An ISP, which stands for Internet Service Provider, is an organization that sells or provides connectivity to the internet. The ISP definition in practice covers a lot of different businesses: a national cable operator selling home broadband, a mobile carrier offering cellular data, a fiber provider serving a single city, a satellite operator covering rural areas, and a wholesale backbone network that only sells to other ISPs. What unites them is the same core function: they deliver packets between their customers and the rest of the global internet.
The term came into common use in the late 1980s and early 1990s as commercial internet access spread beyond universities and research institutions. The ISP meaning has broadened since then to include satellite operators and 5G home internet providers, but the core role has not changed. Today there are thousands of ISPs worldwide. A small number are household names with tens of millions of customers. Most are regional or local operators that very few people outside their service area have ever heard of.
The reason this matters for anyone working with IP data: every public IP address can be mapped to an organization, and in many cases that organization is an ISP. Identifying the company behind an IP, and whether it is an ISP, a hosting provider, or something else, is the first step in understanding what the IP represents.
How an ISP Works
A lot of what makes the internet feel fast or slow is decided inside the ISP network.

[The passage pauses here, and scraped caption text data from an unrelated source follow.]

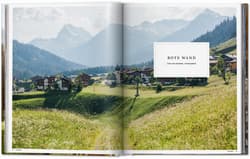 Galeria - zdjęcie nr. 2 - Great Escapes Alps. The Hotel Book wer. angielska
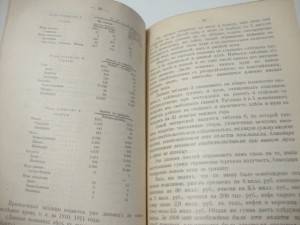 1912г. Русское мукомолье. Селихов.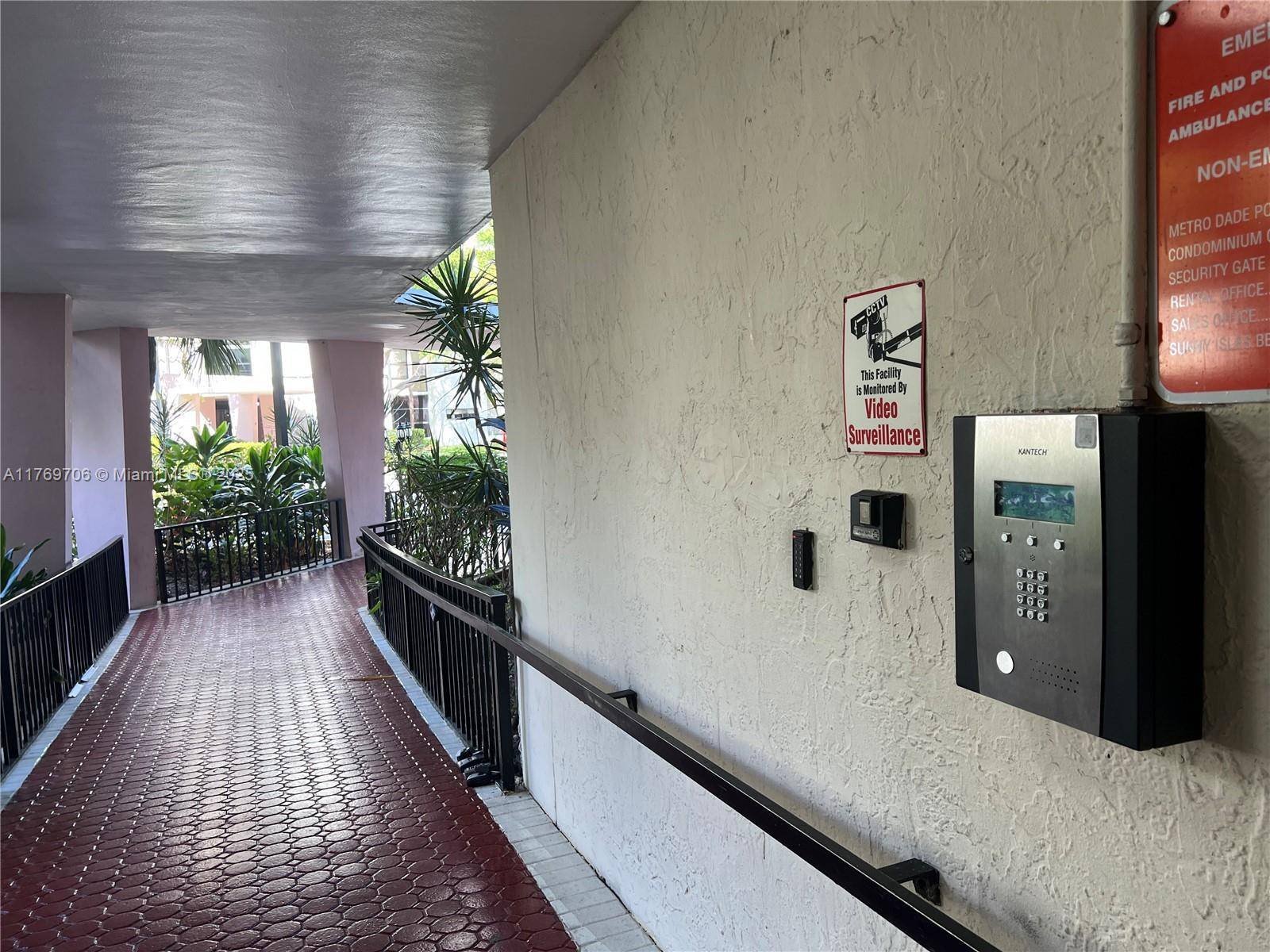 Sunny Isles Beach, FL 33160,17011 N Bay Rd #111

Your packets go through its access network, across its backbone, and then out to the rest of the internet through peering or transit relationships.
1. The Last Mile
The last mile is the connection between your premises and the ISP's nearest aggregation point. It is typically the most expensive part of the network to build and maintain, even though some access technologies (cable and wireless in particular) share capacity on a segment level. Every house, apartment, and office still needs its own physical or wireless drop to the network.
Which technology an ISP uses for the last mile depends on what infrastructure already exists in the area. DSL uses the legacy copper telephone network. Cable uses the hybrid fiber-coax plant originally built for television. Fiber-to-the-home runs glass all the way to a box on the side of the building. Fixed wireless uses radios on towers to reach rooftops, and cellular uses the mobile network. Satellite covers the places none of those can reach.
2. Backbone, Peering, and Transit
Once your traffic leaves the access network, it enters the ISP's backbone: the high-capacity core that connects cities and regions. From there it has to reach networks operated by someone else. ISPs do this in two ways.
Peering is when two networks exchange traffic directly, often on a settlement-free basis, though paid peering arrangements also exist. Peering typically happens at an Internet Exchange Point (IXP), a shared switching fabric where dozens or hundreds of networks meet in the same building (Internet Society on IXPs). Transit is when an ISP pays a larger provider to carry its traffic to destinations it cannot reach directly. Most ISPs use a mix of both. Peering is cheaper; transit is a safety net. The operational and security practices behind all of this are documented in RFC 7454, BGP Operations and Security.
3. Where Your IP Address Comes From
Large ISPs get their IP addresses directly from a Regional Internet Registry (ARIN, RIPE NCC, APNIC, AFRINIC, or LACNIC). Smaller operators often receive address space from an upstream provider rather than going to the RIR directly. Either way, the ISP hands addresses out to customers, either statically or via DHCP. This allocation chain is why a public IP address can be traced back to a specific network operator.
Types of ISPs
Not all ISPs do the same thing. It is useful to see the three overlapping ways they get categorized: tier, connection type, and function.
1. By Tier (1, 2, and 3)
Tier 1 ISPs are the small number of networks that can reach every other network on the internet through settlement-free peering alone. They do not pay anyone for transit. Estimates of the total count vary, but the list is short and includes names like Lumen, Tata Communications, NTT, Arelion, GTT, and Cogent. Tier 2 ISPs peer where they can and buy transit where they have to. Most large national providers sit here, including Comcast, AT&T, BT, and Deutsche Telekom. Tier 3 ISPs buy transit only and sell access; this is where most regional and municipal operators live.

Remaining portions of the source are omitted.